▶ **What you have to do**:
Repeat exactly the lines of the entries below from the one with "Stephen Colbert gets" through the one with "Tureks Plumbing Services", both ends included, and nothing else.

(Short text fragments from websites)
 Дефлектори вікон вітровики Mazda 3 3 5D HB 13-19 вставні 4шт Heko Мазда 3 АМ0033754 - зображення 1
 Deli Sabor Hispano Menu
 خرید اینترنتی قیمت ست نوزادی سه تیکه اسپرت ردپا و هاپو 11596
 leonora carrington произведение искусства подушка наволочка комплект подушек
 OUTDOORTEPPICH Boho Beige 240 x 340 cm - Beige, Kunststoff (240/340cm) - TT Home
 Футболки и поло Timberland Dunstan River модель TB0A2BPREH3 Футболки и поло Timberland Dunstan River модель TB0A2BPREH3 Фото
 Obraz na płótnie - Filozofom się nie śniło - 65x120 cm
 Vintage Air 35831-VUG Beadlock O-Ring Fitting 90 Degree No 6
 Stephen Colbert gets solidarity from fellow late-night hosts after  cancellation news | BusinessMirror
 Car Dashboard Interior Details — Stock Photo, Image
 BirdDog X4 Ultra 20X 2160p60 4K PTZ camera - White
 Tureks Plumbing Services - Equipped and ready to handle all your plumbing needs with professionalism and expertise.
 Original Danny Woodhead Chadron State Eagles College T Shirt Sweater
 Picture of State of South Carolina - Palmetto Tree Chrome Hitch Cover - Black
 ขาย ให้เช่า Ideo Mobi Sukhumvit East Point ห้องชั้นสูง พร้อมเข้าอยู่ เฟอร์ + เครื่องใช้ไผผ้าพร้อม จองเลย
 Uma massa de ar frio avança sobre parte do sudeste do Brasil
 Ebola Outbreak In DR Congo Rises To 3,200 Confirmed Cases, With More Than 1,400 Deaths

▶ **Answer below**:
 Stephen Colbert gets solidarity from fellow late-night hosts after  cancellation news | BusinessMirror
 Car Dashboard Interior Details — Stock Photo, Image
 BirdDog X4 Ultra 20X 2160p60 4K PTZ camera - White
 Tureks Plumbing Services - Equipped and ready to handle all your plumbing needs with professionalism and expertise.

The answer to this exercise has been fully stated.